Jack Dromey, who is also deputy general security of union Unite, told a Defend Council Housing conference that Mrs Beckett believes the proposal is a ‘dead parrot’.
‘The argument is that council housing ought simply to be for the needy, and if you have better-off tenants what we ought to do is pick them out and move to fixed-term tenancy. What complete nonsense,’ he said.
‘I said to Margaret Beckett, who I have known for years, this is nonsense and we need to bury it.’
Mr Dromey said Mrs Beckett was attending a Labour party meeting he was chairing, and he told her he was going to be ‘very robust’ against the idea.
‘She said “be as robust as you can”. She said “this idea is going nowhere”,’ he added.
Camden MP Frank Dobson also told the conference he believed Mrs Beckett would reject moves to end secure tenancies.

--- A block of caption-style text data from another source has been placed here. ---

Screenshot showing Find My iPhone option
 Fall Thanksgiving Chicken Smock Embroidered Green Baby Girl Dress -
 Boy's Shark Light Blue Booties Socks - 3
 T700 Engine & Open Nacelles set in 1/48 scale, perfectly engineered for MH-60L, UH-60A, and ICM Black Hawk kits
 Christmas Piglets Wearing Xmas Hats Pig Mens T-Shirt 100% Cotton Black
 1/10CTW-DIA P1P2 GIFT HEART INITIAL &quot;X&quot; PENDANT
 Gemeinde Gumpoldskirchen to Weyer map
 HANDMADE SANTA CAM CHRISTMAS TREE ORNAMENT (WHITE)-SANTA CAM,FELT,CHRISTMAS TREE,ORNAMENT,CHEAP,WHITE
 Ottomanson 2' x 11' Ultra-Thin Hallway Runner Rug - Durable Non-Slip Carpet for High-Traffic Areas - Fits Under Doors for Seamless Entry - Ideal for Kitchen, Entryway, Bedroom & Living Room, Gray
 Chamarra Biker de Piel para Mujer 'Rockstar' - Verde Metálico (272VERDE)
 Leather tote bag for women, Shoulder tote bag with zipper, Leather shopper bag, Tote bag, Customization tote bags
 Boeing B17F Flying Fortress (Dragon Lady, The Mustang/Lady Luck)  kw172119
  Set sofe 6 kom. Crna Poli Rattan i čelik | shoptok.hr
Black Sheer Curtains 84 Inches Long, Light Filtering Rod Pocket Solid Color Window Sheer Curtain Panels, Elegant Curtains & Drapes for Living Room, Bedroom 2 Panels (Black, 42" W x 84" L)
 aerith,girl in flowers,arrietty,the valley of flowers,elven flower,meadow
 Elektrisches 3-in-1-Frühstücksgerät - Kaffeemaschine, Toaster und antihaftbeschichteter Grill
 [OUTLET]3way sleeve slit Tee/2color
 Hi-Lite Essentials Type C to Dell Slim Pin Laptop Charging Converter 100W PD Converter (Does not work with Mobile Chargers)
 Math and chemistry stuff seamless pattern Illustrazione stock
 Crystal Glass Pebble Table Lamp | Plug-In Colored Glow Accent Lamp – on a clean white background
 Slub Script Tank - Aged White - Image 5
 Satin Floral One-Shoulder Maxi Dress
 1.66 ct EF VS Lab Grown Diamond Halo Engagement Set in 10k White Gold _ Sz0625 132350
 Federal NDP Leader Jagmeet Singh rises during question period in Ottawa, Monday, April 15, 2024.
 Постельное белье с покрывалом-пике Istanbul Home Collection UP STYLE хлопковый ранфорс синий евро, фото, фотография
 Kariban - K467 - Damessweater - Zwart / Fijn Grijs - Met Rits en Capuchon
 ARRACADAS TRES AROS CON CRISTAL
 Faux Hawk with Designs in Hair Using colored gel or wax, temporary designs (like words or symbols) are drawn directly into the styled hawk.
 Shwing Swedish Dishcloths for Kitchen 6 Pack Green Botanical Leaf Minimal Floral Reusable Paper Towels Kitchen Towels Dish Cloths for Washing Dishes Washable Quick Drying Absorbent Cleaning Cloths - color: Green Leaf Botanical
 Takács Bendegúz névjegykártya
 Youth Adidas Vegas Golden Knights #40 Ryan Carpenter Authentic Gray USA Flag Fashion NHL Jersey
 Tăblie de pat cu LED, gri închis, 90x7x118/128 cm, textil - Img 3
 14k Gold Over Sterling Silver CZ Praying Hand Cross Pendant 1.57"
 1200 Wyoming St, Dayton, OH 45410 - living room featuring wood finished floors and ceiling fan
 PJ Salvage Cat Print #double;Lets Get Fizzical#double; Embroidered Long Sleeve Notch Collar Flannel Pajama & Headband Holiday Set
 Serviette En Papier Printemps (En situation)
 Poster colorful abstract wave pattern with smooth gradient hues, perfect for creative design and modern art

‘I think we have got an opportunity, particularly with Margaret Beckett, to make sure that the idea is formally abandoned and denounced by everyone who is sane,’ he said.
The economic downturn could also mean councils will be allowed and encouraged to build more homes, which would solve the demand for social housing without evicting existing tenants, Mr Dobson said: ‘With [Mrs Beckett] and with the economic circumstances there is a real chance for us to push through some successful policies on council housing.’
Tenancy for life timeline - how the controversy developed:
The Chartered Institute of Housing publishes a wide-ranging paper, Rethinking Housing, setting out its views on the government’s housing reform programme ahead of a green paper which is now expected in the new year.
It includes a section on ‘flexible tenure and housing review’. This includes the passage:
‘We propose moving towards a system of flexible tenure in which all new lets can be reviewed after set period of time. This would represent a fundamental shift away from the majority of current lets that provide a largely static tenancy for life.’
It goes on:
‘If individual’s circumstances have improved, and have changed in a sustained way, we would suggest that it is right and fair that there is a menu of options to choose from, but that the existing terms and conditions are not an option’
The suggested options include:
- advice about low-cost home ownership
- advice about private renting
- advice about full ownership
- a change in tenancy conditions, such as a rent increase towards market level.
CIH publishes an open letter to tenants clarifying its proposals. It states:
‘To be clear - our paper doesn’t call for the end of security of tenure, or for people to be evicted if they start work – or for housing officers to be able to force people into a job or a shared ownership house against their will – and any changes that were made would apply only to future tenancies and not to any already in place.
‘It does suggest that tenants should meet with their landlord to discuss their tenancy (perhaps every few years) but our key point is really nothing to do with security of tenure at all – it’s actually about our role as housing professionals in doing what we can to improve opportunities for people – in making sure that social housing is a force for good and doesn’t end up trapping people in poverty.’
The Times newspaper reports that housing minister Margaret Beckett is considering implementing proposals similar to those put forward by the CIH. The story is covered widely in the media.
Mrs Beckett denies any decision has been made on tenancy for life. She tells a seminar organised by think tank The Smith Institute: ‘I’ve made no decision and nor has any minister, on the content and timing of the green paper. The timing depends on how I feel the work of the content is going, which will drive the timing, rather than the other way round.’
However, she adds: ‘If people could find greater stability and security in the private rented sector, or could take advantage of low cost home ownership, then maybe fewer would think that social housing was their only option.’
Labour Party treasurer Jack Dromey tells a Defend Council Housing conference that Mrs Beckett is set against the idea of reducing security of tenure. He tells delegates that she considers the idea a ‘dead parrot’ and it is ‘going nowhere’.